| STORED DATA |

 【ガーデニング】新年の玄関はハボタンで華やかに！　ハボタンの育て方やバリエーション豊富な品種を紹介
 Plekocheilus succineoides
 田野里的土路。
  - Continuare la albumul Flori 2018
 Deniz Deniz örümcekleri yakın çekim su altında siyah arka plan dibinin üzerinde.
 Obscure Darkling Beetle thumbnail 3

--

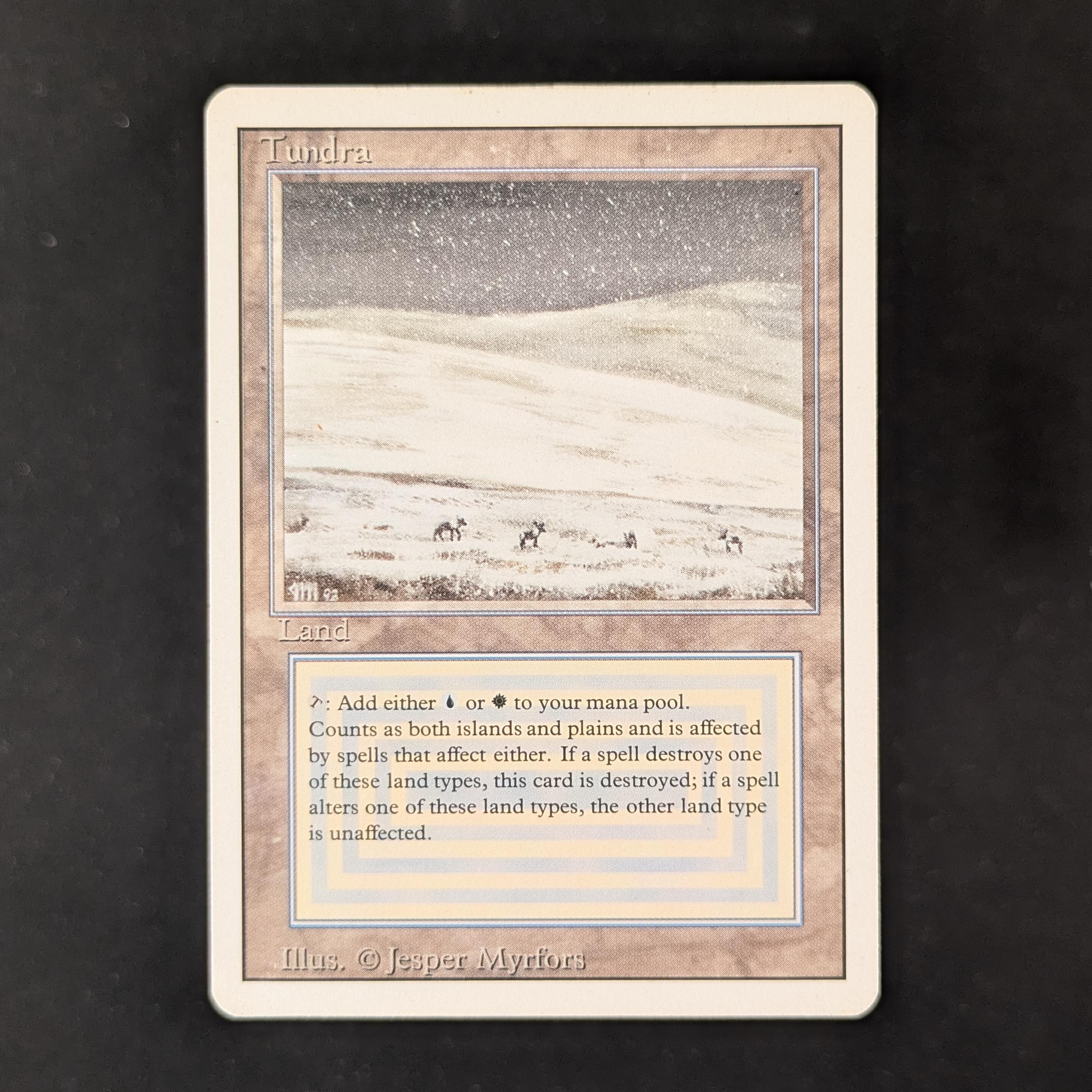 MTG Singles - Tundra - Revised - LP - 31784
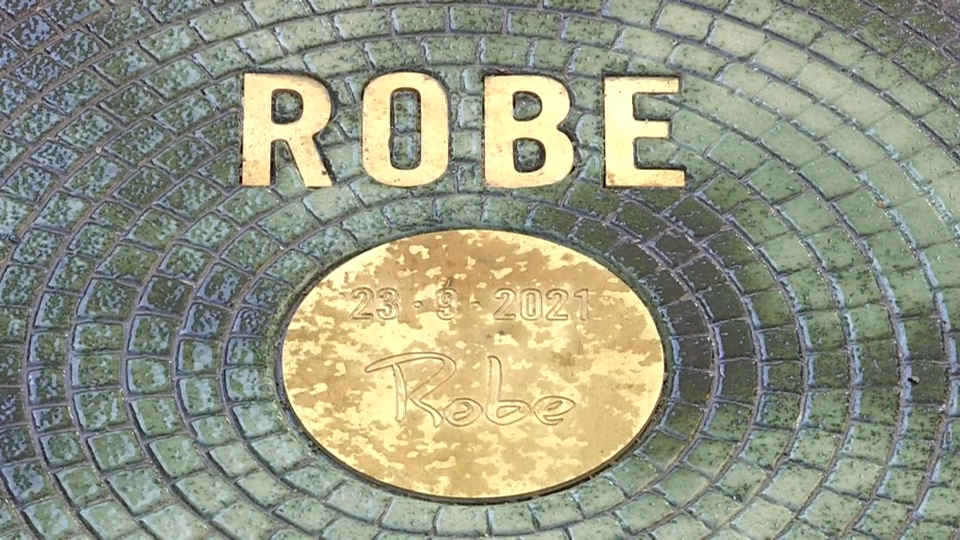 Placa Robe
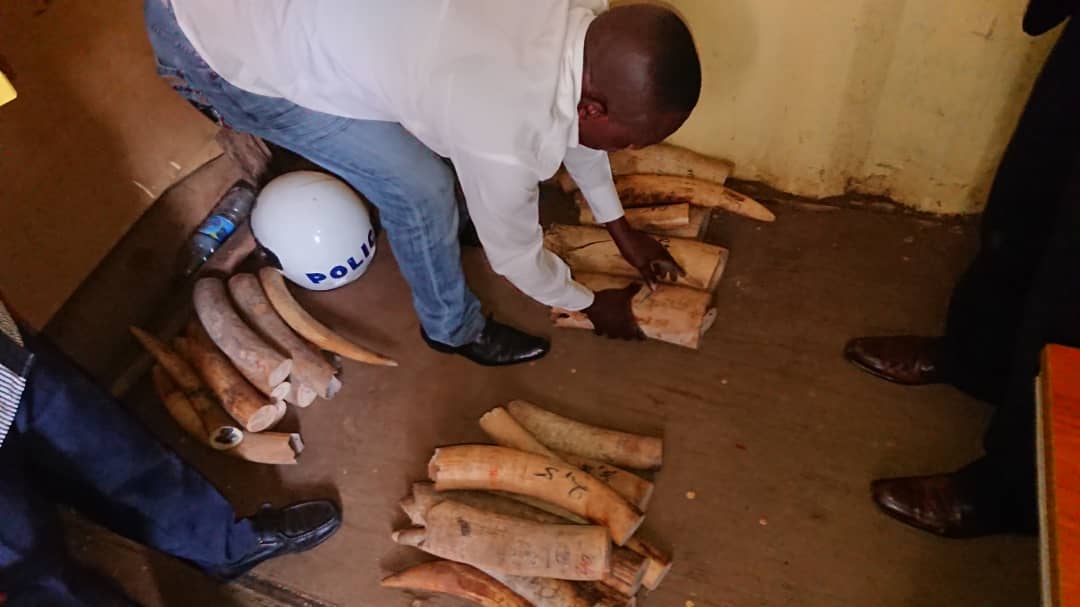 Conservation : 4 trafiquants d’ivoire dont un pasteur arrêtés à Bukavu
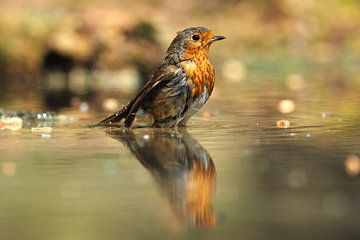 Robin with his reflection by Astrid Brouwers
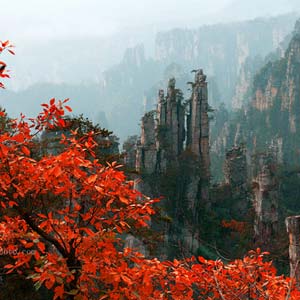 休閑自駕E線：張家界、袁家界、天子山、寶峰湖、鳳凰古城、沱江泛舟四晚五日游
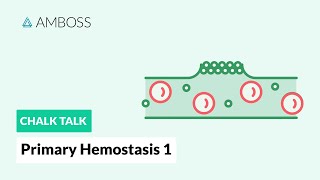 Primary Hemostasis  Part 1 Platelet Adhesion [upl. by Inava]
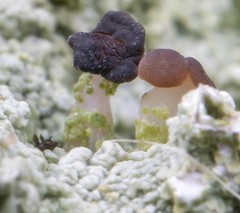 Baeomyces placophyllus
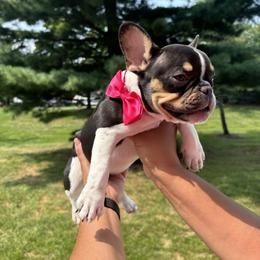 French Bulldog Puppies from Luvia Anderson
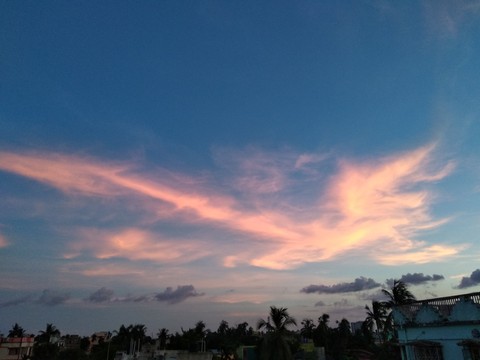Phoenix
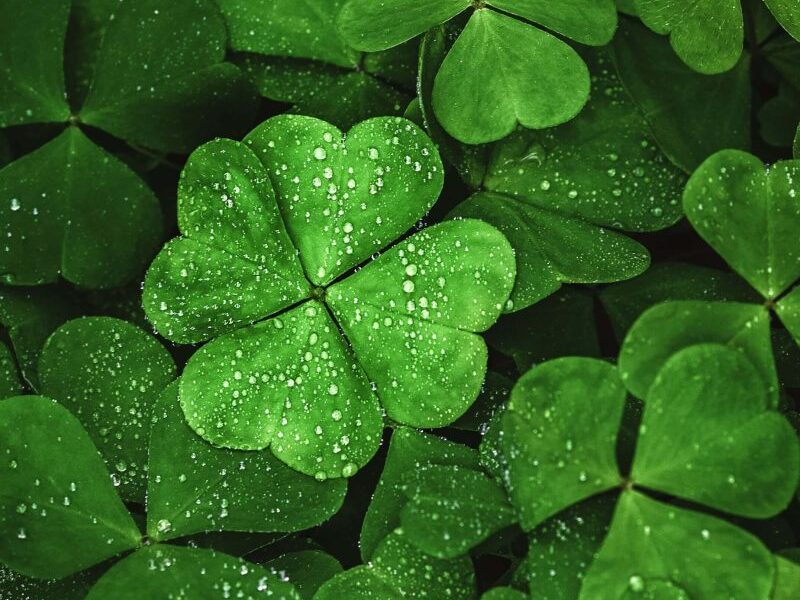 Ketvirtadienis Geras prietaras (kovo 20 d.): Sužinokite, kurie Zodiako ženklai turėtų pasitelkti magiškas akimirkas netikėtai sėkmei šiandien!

==

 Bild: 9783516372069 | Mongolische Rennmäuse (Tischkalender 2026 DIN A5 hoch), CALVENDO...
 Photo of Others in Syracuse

| REQUIRED ACTION |
Above are the records; copy exactly the lines from the one with "[upl. by Inava]" through the one with "Ketvirtadienis Geras prietaras", including both, and nothing more. Leave out pictures.

| ANSWER BELOW |
 Primary Hemostasis  Part 1 Platelet Adhesion [upl. by Inava]
 Baeomyces placophyllus
 French Bulldog Puppies from Luvia Anderson
Phoenix
 Ketvirtadienis Geras prietaras (kovo 20 d.): Sužinokite, kurie Zodiako ženklai turėtų pasitelkti magiškas akimirkas netikėtai sėkmei šiandien!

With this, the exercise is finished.